> Exercise brief:
Return, without anything added, the lines from the one containing "Die Gotthardbahn" through the end of the entries below, exactly as written.

(Stored records)
^^^^^^^^
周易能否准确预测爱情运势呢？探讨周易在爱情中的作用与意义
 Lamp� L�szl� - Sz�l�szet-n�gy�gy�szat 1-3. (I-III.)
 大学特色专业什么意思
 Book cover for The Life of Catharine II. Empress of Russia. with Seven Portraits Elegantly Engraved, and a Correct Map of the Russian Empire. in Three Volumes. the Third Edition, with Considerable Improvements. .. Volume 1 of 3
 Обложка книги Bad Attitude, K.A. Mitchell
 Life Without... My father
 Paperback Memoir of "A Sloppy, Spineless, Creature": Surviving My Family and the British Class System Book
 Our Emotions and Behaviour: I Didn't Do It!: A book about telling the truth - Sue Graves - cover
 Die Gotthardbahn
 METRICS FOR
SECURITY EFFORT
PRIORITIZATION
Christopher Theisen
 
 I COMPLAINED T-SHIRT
^^^^^^^^
> Result:
 Die Gotthardbahn
 METRICS FOR
SECURITY EFFORT
PRIORITIZATION
Christopher Theisen
 
 I COMPLAINED T-SHIRT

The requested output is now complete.